- DATA FOR THIS TASK
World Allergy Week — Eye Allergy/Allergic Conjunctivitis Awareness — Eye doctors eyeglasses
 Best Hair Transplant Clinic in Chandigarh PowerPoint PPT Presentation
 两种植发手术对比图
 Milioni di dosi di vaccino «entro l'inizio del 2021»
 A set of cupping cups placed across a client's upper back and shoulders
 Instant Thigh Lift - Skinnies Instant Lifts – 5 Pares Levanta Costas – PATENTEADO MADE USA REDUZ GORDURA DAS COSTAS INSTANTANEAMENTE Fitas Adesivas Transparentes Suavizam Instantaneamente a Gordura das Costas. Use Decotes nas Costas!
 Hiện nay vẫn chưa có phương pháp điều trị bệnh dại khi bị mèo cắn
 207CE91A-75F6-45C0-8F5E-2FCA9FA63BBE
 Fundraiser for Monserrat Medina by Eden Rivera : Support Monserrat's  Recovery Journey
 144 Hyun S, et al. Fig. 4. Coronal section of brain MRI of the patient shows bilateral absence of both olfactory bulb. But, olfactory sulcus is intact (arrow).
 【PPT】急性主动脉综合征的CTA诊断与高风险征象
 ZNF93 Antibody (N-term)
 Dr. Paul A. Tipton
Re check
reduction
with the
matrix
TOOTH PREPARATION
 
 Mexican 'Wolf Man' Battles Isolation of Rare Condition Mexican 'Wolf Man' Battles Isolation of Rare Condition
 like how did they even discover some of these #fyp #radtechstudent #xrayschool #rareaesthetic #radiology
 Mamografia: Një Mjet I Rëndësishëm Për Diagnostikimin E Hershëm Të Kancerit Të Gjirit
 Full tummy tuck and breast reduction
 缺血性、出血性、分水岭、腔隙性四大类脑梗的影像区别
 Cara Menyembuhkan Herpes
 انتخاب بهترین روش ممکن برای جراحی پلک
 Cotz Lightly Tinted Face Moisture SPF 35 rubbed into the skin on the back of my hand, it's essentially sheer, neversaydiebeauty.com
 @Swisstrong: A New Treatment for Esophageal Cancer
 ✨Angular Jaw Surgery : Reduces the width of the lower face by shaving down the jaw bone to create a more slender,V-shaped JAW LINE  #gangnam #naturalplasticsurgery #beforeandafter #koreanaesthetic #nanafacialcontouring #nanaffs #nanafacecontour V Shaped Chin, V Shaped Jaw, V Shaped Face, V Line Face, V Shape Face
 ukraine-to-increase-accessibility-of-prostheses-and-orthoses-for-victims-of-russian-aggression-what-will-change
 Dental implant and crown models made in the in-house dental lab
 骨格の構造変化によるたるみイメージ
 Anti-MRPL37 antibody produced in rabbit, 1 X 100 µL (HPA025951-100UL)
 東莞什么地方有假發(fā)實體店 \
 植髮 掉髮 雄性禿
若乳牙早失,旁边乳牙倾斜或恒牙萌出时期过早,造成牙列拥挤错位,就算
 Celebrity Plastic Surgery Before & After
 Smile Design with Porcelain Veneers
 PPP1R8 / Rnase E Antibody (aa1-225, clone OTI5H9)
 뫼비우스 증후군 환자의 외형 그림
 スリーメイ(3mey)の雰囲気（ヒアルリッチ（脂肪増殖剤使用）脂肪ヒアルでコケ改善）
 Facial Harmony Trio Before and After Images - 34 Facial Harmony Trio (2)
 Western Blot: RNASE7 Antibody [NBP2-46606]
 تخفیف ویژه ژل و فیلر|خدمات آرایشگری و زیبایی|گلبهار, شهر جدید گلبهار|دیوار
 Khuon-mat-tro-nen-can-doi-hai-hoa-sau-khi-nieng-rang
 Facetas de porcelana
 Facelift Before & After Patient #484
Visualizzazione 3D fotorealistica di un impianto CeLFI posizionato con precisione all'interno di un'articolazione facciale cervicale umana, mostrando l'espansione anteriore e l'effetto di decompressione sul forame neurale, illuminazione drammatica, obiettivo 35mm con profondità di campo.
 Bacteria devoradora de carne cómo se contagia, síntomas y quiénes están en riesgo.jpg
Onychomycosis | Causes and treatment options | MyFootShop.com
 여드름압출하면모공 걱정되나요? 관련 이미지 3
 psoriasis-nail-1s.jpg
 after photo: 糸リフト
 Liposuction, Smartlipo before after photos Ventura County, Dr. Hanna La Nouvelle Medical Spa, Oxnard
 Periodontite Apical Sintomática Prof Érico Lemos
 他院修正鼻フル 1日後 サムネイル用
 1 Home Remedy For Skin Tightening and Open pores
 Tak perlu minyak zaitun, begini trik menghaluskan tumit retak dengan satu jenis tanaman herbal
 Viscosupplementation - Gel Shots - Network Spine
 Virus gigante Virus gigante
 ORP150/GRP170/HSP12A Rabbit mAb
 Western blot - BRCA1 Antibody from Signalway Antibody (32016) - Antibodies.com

- GOAL OF THE EXERCISE
Your answer should be the lines of the records that hold the string "with".

- WORKED SOLUTION
with the
 Smile Design with Porcelain Veneers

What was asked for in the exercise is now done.